On the substance, there is no case that within Spain Catalans get a raw deal. On the contrary. They enjoy some of the best human rights on the planet.
That might change depending on how clumsily Madrid tries to implement new controls over who does what in Catalonia. But for now there’s no legal case for any Brussels ‘intervention’ that might make a helpful difference.
So does Spain have a veto?
The bottom line here is simple. Unless there is an extraordinary drastic turn of events, Catalonia CAN NOT be an independent country UNLESS Spain itself recognises that as such. Then there is no issue of principle and the rest of the world can shrug, agree, and carry on.
If war breaks out and other states decide to recognise Catalonia to help it defend itself (perhaps as part of a wider disintegration of Spain – see the collapse of Yugoslavia and the way many states moved to recognise different republics to help them get going), that might be different.
But even then it’s hard to imagine Spain not crushing Catalan resistance far more quickly than anything can be done to stop that. Why recognise something that is never going to work or be viable?
Now you’re talking.
But in any negotiation it’s important to be clear what the negotiating is in fact about.
Spain is unlikely to enter any negotiation that has as even a theoretical option Smaller Spain. Why would Madrid do that? It would be conceding the principle for nothing, then merely encouraging endless Catalan haggling over the price.
But, of course, the negotiating is not just what’s happening in meetings. The ‘real’ negotiating here is now the intensity of Catalonia’s defiance and Spain’s direct rule moves. How does each side value the possible outcomes?
Can Catalonia raise the cost to Spain so much that Madrid has no choice but to reconsider its fundamental principles?
Can Madrid raise the cost to Catalonia so much that its people glumly back down?
Thus the next layers:
Which side can inflict pain more painfully on the other?
Which side can endure pain the longer?
The negotiation is about will-power.
Once things get into that territory and Pride is at stake, sensible ‘rational’ calculation tumbles out of the window.
Is Madrid making a big mistake with this ‘direct rule’ play?
Seen from far away, it looks to be much wiser to do nothing much in a purposeful way. Make loud more-in-sorrow-than-anger public noises about dialogue, but otherwise let Catalonia stew in its own juice and feel all sorts of costs and unhappiness from the current mess.
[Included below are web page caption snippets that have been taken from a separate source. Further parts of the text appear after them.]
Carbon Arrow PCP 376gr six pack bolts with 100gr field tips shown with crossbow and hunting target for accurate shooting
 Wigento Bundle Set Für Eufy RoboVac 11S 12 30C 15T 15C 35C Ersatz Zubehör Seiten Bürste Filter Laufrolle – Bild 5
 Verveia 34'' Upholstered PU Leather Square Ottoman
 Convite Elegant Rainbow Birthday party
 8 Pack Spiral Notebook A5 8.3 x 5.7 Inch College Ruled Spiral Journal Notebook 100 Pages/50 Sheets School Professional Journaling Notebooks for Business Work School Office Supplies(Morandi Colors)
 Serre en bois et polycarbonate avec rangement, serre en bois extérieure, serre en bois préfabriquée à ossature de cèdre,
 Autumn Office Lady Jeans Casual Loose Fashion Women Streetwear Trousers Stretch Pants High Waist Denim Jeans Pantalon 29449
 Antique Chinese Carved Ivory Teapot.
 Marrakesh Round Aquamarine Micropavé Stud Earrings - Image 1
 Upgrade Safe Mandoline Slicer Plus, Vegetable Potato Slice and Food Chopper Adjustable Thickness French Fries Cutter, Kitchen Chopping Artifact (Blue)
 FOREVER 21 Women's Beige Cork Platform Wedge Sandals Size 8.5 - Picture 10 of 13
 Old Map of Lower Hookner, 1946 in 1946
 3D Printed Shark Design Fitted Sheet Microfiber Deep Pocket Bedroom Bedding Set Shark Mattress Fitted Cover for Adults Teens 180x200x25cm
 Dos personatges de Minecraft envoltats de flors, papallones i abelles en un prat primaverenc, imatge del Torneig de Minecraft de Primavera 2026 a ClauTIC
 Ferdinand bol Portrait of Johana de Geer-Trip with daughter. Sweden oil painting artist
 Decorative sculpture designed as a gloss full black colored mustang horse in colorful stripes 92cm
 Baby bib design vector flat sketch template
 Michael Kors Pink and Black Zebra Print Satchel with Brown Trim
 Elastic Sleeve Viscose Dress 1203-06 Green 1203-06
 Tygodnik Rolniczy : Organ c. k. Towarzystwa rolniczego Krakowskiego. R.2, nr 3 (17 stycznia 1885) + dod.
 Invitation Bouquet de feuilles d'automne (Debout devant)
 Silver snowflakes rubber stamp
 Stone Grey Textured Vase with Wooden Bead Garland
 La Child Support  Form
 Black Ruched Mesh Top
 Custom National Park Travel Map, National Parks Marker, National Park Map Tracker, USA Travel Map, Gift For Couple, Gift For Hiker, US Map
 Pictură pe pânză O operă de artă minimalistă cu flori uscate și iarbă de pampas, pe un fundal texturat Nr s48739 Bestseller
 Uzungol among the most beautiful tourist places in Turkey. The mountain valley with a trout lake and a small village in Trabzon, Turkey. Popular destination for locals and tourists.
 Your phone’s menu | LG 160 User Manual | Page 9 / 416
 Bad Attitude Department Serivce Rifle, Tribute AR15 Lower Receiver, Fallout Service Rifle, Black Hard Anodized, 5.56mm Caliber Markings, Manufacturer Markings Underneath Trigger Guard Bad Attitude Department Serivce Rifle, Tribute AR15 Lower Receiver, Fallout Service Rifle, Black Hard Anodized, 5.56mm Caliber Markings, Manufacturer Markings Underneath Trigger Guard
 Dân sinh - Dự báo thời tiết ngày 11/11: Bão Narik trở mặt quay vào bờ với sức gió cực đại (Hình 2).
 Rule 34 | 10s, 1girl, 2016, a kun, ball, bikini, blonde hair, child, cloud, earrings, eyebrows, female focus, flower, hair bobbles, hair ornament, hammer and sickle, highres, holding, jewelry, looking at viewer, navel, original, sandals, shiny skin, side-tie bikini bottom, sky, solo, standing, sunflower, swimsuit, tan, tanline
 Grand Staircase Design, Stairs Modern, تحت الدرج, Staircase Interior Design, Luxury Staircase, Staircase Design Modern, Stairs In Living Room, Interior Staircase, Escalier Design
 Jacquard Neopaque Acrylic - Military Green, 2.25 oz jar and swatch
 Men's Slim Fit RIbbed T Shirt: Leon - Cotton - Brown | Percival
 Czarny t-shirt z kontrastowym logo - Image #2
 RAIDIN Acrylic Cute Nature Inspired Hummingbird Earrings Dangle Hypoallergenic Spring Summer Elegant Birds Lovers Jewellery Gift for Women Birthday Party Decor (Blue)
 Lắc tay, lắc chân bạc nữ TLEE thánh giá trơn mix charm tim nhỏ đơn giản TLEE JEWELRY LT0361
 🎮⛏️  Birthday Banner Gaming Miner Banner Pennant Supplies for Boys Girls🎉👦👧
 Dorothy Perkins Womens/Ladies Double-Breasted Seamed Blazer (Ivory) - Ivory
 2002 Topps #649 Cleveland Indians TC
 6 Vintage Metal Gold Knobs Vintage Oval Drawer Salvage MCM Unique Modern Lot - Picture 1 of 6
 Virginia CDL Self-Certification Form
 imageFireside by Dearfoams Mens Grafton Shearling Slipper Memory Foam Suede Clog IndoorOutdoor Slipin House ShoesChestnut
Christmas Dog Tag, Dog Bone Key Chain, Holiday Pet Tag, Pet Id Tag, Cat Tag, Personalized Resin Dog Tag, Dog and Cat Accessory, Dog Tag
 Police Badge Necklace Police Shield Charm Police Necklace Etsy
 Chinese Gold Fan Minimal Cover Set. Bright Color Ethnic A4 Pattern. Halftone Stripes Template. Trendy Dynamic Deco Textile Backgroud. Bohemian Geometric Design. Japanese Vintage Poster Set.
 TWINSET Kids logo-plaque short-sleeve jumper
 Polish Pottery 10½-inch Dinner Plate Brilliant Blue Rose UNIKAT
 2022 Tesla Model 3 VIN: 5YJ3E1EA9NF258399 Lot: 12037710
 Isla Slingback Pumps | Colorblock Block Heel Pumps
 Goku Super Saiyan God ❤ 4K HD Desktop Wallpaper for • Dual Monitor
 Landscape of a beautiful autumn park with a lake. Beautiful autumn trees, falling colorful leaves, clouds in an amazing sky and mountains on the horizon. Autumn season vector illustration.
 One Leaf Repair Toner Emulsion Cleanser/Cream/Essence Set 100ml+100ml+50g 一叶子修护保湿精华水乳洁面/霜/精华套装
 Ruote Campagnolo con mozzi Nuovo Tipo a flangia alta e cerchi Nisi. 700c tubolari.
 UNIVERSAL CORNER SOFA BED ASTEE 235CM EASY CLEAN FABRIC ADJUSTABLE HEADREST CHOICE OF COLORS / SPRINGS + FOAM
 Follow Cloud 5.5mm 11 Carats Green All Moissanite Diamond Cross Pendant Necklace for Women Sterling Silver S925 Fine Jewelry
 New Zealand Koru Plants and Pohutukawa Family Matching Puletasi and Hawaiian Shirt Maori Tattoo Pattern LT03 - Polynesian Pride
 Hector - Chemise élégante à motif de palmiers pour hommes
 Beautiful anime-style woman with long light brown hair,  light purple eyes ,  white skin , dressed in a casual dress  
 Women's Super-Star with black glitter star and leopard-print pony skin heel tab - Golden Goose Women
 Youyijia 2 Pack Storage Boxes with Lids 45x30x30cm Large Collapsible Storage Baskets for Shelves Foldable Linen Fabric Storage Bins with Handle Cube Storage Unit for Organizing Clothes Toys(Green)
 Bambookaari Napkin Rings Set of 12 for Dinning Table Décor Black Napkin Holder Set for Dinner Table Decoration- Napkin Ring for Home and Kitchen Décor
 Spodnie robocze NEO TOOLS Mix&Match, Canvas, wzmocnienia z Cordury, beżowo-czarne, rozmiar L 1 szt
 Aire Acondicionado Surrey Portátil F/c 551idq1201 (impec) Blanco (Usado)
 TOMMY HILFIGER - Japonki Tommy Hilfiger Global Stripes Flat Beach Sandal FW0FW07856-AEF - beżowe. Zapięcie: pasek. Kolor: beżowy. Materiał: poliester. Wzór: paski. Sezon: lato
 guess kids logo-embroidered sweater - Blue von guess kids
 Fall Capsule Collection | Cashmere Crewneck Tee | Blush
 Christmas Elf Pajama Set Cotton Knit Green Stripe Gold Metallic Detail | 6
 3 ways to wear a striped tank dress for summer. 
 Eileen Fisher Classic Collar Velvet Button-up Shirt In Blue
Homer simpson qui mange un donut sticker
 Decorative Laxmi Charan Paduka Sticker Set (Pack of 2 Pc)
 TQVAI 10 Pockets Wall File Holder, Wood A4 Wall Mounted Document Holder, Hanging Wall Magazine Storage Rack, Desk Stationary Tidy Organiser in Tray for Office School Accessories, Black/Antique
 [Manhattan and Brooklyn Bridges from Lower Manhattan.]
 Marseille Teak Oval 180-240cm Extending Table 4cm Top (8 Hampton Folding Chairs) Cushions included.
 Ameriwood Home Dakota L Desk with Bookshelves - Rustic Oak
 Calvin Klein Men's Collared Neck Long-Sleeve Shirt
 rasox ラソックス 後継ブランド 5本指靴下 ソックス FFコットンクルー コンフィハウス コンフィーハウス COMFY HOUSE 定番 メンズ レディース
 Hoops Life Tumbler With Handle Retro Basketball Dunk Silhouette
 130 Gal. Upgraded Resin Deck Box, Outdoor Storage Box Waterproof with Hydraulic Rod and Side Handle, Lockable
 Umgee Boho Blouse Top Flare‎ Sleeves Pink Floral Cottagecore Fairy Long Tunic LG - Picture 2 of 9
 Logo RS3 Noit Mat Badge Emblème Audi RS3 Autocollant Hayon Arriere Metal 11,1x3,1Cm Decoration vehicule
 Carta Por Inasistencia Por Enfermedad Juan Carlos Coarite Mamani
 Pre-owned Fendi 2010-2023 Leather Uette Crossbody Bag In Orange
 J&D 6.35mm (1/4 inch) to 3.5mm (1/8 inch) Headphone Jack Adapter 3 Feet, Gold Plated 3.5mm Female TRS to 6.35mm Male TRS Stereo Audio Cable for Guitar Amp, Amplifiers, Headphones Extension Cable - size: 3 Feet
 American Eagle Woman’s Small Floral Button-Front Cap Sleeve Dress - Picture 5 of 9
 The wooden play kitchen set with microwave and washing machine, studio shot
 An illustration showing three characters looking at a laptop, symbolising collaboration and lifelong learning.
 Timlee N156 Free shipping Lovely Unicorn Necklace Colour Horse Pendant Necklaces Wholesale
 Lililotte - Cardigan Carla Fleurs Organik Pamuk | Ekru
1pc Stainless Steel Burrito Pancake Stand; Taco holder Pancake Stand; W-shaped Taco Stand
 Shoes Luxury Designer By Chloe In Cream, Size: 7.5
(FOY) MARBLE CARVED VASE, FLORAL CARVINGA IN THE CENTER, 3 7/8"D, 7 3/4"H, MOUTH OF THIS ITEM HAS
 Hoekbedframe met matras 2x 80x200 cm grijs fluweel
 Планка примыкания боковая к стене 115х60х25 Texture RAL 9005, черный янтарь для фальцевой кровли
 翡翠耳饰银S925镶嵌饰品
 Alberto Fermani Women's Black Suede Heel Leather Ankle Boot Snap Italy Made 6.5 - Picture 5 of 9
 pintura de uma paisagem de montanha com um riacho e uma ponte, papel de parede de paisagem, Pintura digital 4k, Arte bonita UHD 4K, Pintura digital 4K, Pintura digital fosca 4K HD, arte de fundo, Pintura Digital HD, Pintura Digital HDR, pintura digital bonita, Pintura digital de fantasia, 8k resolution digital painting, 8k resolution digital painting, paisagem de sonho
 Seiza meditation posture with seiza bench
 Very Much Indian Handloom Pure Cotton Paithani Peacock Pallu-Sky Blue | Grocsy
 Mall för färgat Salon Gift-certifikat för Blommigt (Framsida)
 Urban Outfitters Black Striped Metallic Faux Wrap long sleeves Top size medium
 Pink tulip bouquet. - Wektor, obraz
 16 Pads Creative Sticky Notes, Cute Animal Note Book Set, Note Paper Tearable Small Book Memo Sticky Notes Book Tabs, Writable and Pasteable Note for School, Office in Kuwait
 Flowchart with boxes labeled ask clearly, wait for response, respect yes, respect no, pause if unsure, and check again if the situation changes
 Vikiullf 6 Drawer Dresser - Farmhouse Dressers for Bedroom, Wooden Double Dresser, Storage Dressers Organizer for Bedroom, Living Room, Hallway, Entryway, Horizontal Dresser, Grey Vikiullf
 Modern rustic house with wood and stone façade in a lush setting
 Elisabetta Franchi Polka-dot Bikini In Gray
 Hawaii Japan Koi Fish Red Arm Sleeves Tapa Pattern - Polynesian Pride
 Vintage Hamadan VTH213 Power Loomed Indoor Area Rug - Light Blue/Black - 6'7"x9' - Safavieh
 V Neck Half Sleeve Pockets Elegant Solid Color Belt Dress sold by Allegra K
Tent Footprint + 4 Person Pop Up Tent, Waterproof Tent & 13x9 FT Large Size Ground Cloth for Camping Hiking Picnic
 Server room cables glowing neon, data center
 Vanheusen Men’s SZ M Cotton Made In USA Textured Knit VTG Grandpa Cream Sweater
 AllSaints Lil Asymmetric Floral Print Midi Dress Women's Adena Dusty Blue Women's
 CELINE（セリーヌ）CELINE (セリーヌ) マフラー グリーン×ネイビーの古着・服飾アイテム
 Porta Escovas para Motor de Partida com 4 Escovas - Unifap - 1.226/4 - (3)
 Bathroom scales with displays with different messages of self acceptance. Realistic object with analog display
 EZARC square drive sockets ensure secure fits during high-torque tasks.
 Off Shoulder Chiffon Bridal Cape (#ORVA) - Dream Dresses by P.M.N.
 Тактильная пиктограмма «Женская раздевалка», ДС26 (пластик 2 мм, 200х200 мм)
Madrid surely needs the case to be overwhelming in itself that something like the status quo is THE reasonable option. A good part of being reasonable and persuasive is not to try to sound ‘tough’ and peremptory. Use words like fair and dialogue, not punish, disobedience and rebellion.
But no doubt Madrid’s leaders have their own political reasons for wanting to come across as ‘tough’ or at least ‘firm’. This is where ‘cultural’ factors are so important and subtle. Projecting a sense of calm measured wisdom in the face of what looks like direct provocation may just not be an option in the local psychology of the leaders concerned and wider public opinion.
Offer Catalonia a deal within wider Spanish constitutional reform?
Why not? That kicks the ball into the long grass.
But NB it works only if Catalonia accepts a no independence outcome in principle, if only by implication. When you sit down at a negotiating table, you first accept the agenda and rules of the meeting.
States exist. Or they don’t.
Therefore mess and division and mistrust beget more mess and division and mistrust. Confrontation escalates and leads to everyone being poorer and angrier and more divided.
It gets easier to fight than think – and talk.